It had been noted in HSV-1 that TATA boxes or other promoter elements were, by themselves, of little predictive value in identifying mRNA start sites (45). Our promoter predictions were more successful, largely due to advances of the last decade: highly improved predictive core promoter programs, along with more extensive and detailed databases of known core promoters. The neural network promoter prediction is particularly useful when used in conjunction with defined parameters, such as known ORF locations and mapped TSS.

Two new core element features have been discovered by our analysis: (i) the bidirectional TATA box (occurring six times), predicted to be shared by two overlapping promoters of oppositely transcribed genes, and (ii) the bifunctional TATA-poly(A) signal, a TATA box that also serves as polyadenylation signal for a gene upstream (occurring six times). The available experimental evidence suggests that both features exist. The mapped TSS for UL37 (M) and UL38 are located 50 bp apart and closely agree with our predicted promoters and our bidirectional TATA box (Table 6). Likewise, the mapped TSS for UL5 and UL6 also agree with our predicted promoter and bidirectional TATA box (Table 6). The mapped TSS for US2 (Table 6) is 6 bp apart from the sequenced end of the US9 and US8 transcripts (Table 4), providing support for the predicted bifunctional TATA(US2)-poly(A) signal (US8/US9). Finally, two cases of divergent transcripts with TATA boxes within 100 bp of each other were also noted, which may indicate shared regulatory elements.

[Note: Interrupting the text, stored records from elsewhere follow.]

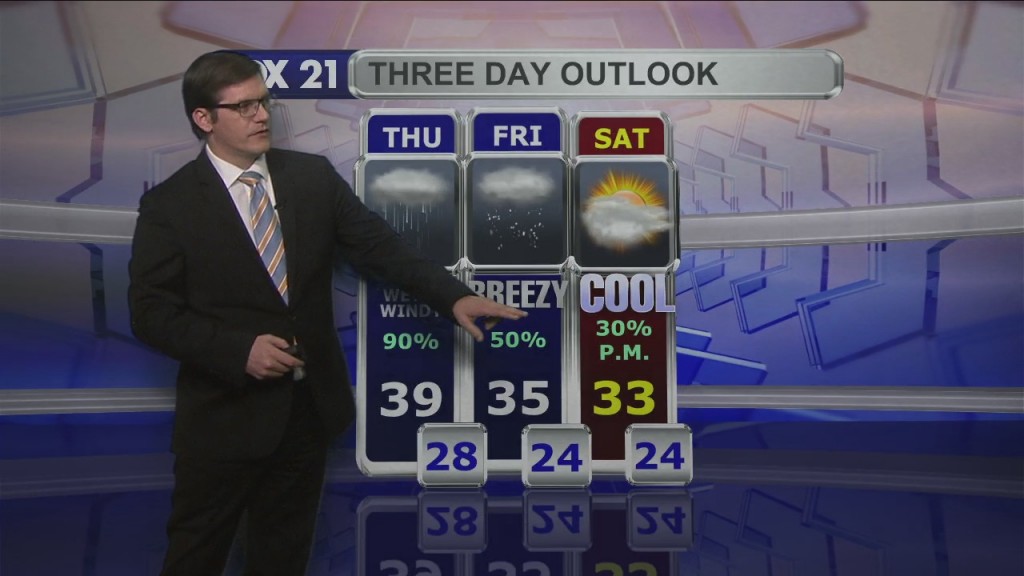 Midday Update 11 10 21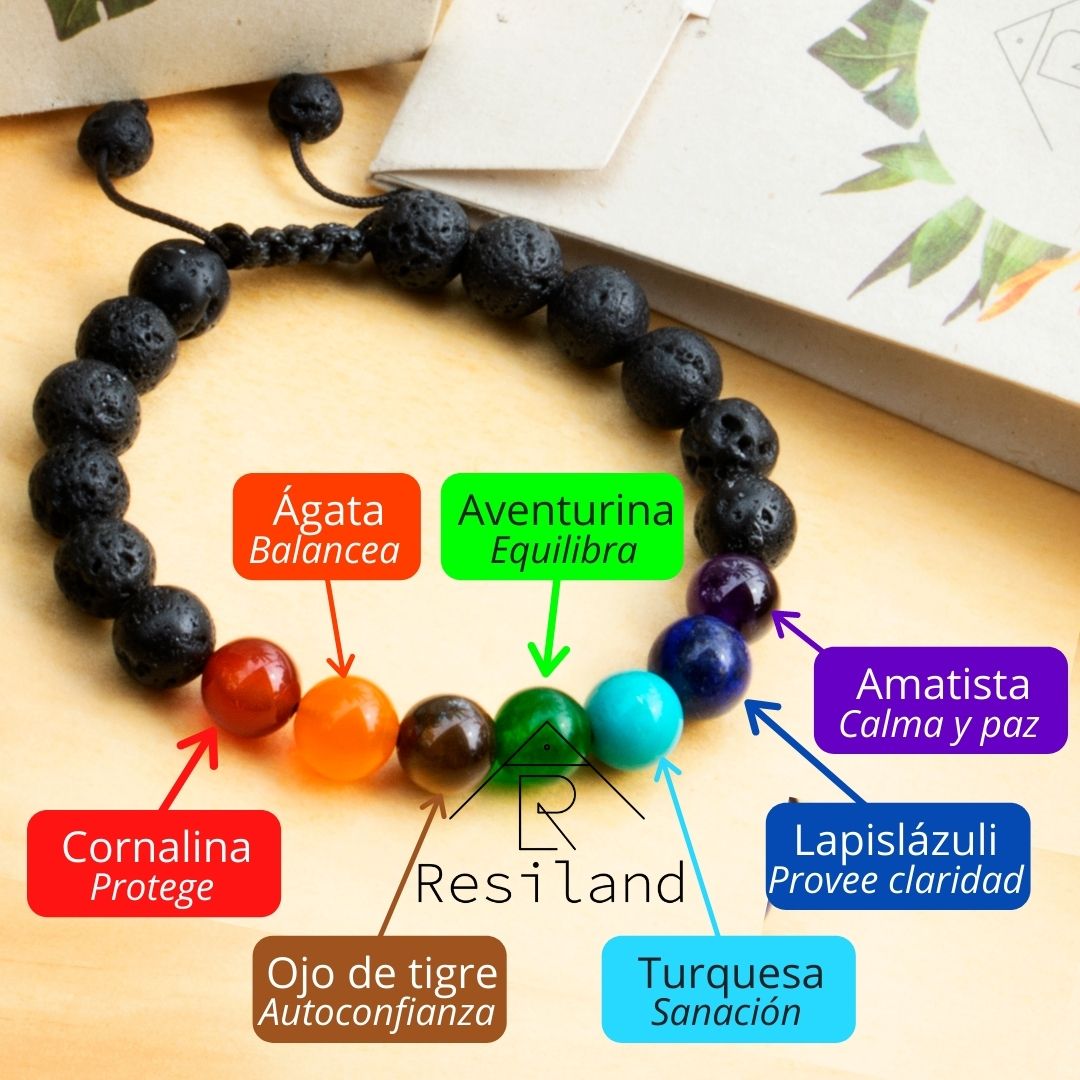 Pulsera 7 chakras Resiland® Para buenas energias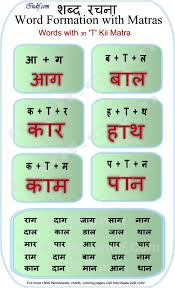 hindi words with ki matra hindi alphabet hindi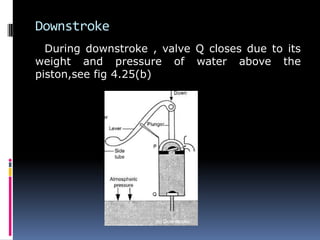Downstroke
During downstroke , valve Q closes due to its
weight and pressure of water above the
piston,see fig 4.25(b)
 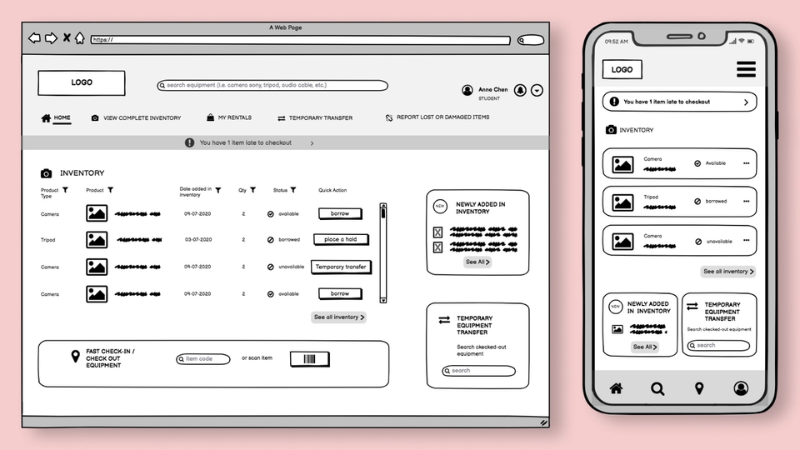 Wireframe là gì (2)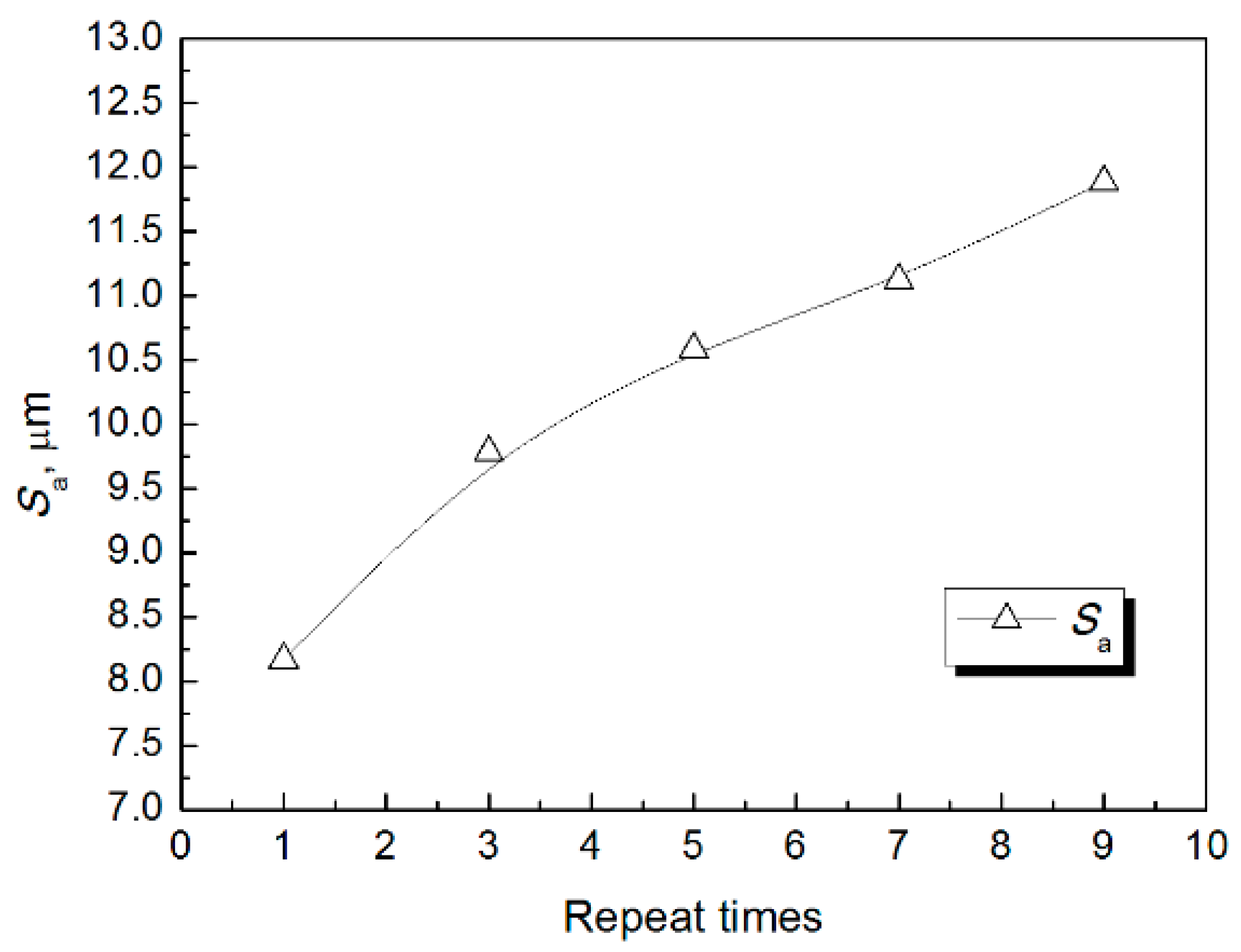 Coatings 12 01687 g009 Coatings 12 01687 g009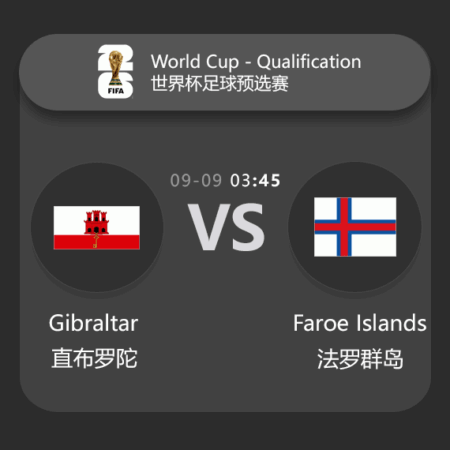Gibraltar vs Faroe Islands: World Cup Qualification Match Preview & Analysis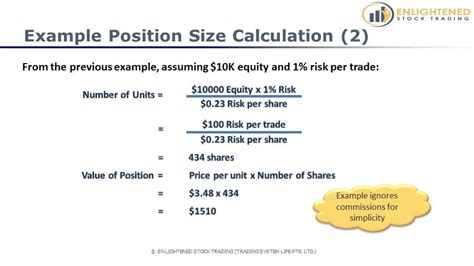 Image result for TOS Script Stock Position Size Calculator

In bidirectional TATA boxes, the TBP may bind in either orientation to the same sequence. The binding orientation of TBP then determines at which start site the transcription preinitiation complex assembles and which of the two genes will be transcribed. In support of the idea of bidirectional TATA boxes, TBP itself has been found to bind a TATA box consensus in both orientations in solution, with only a small preference for the correct orientation. Furthermore, recent studies suggest that the dominant mechanism in determining the direction of transcription may be the activator-enhanced polarity of TBP binding (reviewed in reference 68). Bidirectional TATA boxes also suggest a simple regulatory mechanism whereby increased expression from one gene lowers the expression of the other gene.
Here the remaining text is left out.